▶ **What you are asked to do**:
An exact reproduction is required of the lines from the beginning of the entries through the line with "MF INFO XCHANGE", pictures excluded and nothing added.

[Data to examine]

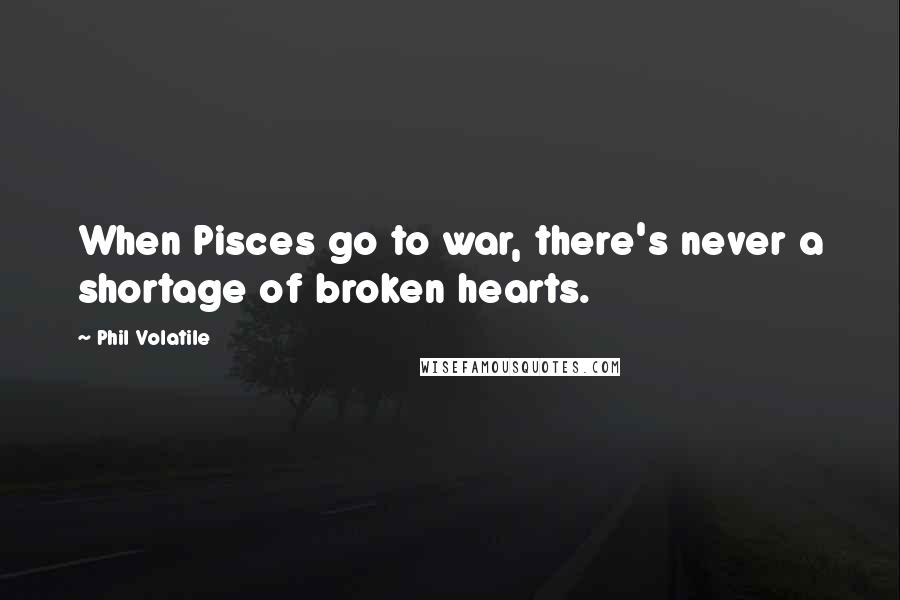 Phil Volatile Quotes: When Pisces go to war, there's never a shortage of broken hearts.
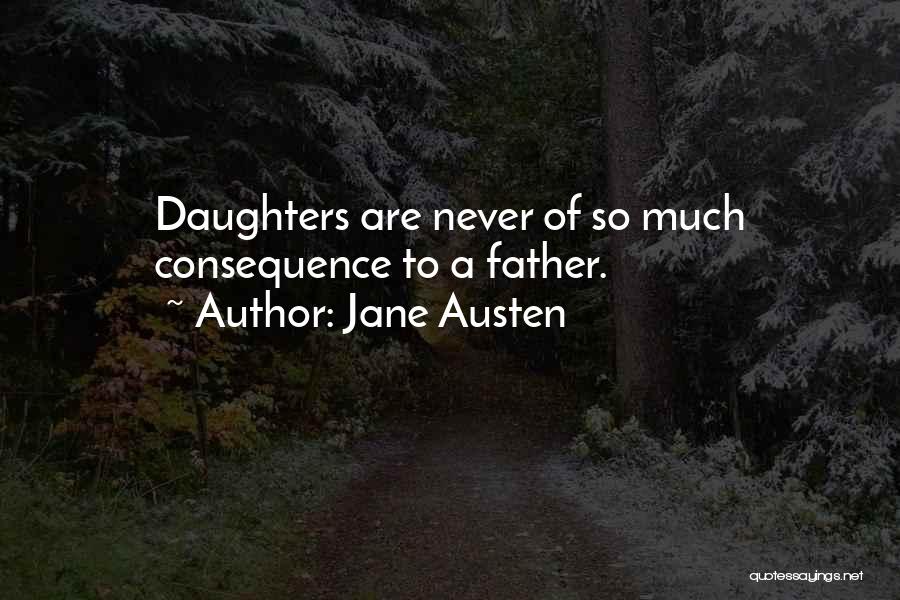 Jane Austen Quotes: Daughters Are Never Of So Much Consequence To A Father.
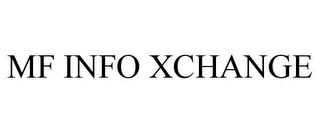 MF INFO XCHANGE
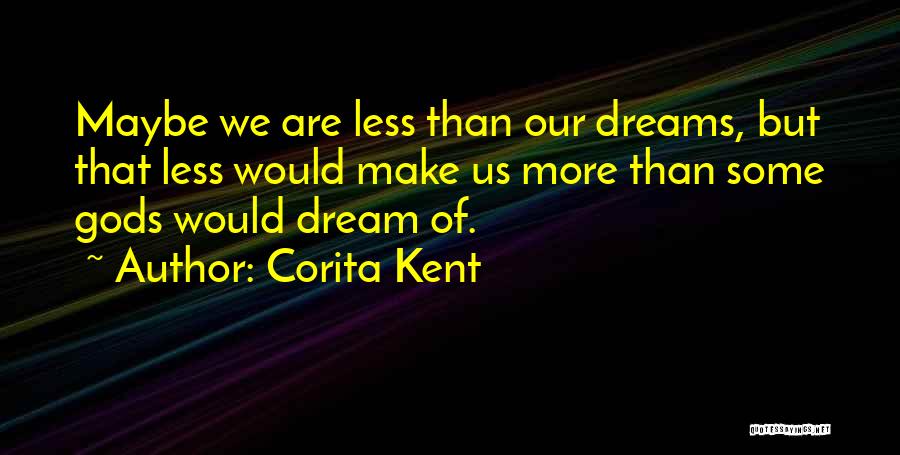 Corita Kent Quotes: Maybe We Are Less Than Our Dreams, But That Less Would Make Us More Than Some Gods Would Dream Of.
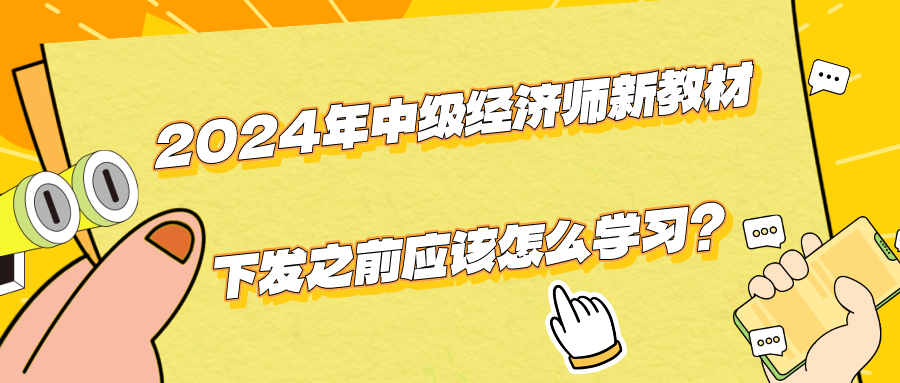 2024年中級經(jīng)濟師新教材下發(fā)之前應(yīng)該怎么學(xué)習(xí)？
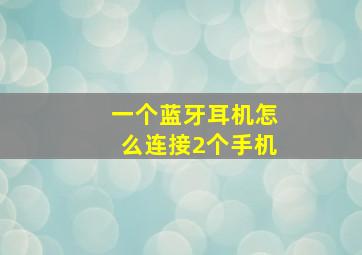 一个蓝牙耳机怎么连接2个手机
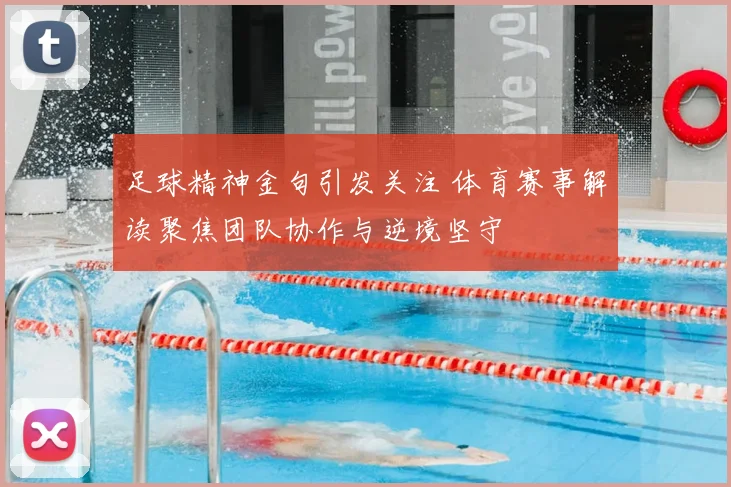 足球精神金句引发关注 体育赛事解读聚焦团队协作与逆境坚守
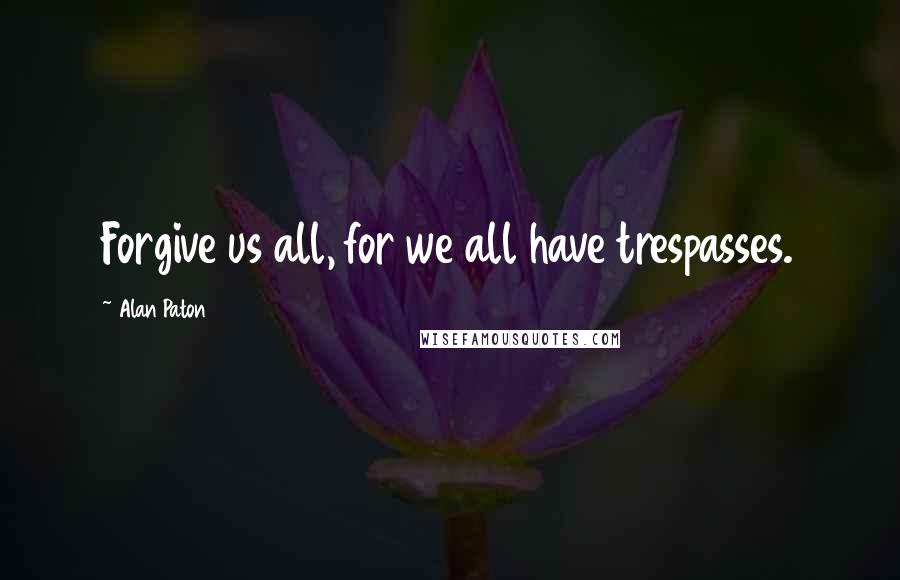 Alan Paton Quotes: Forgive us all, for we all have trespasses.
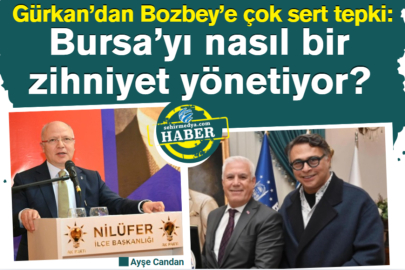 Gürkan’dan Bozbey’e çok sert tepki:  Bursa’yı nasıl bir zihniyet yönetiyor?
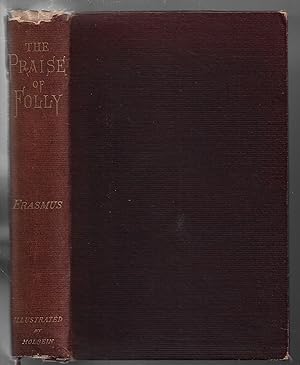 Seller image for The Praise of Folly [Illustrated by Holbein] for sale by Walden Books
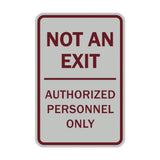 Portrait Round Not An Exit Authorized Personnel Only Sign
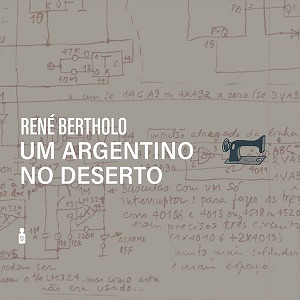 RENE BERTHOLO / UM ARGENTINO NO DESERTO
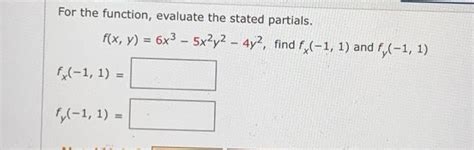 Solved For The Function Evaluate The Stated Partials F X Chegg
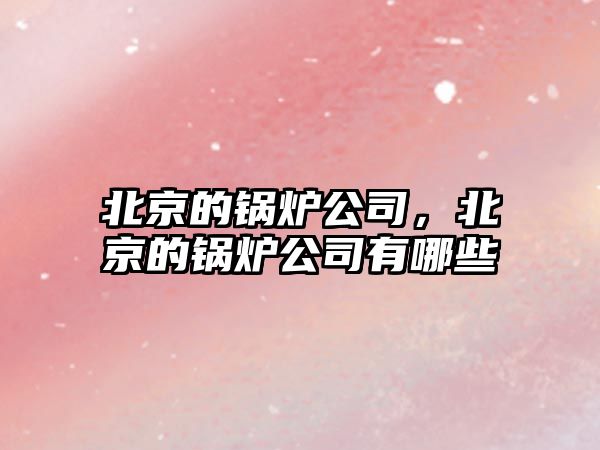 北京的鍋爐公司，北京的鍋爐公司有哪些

[/Data to examine]

▶ **Result of this task**:
 Phil Volatile Quotes: When Pisces go to war, there's never a shortage of broken hearts.
 Jane Austen Quotes: Daughters Are Never Of So Much Consequence To A Father.
 MF INFO XCHANGE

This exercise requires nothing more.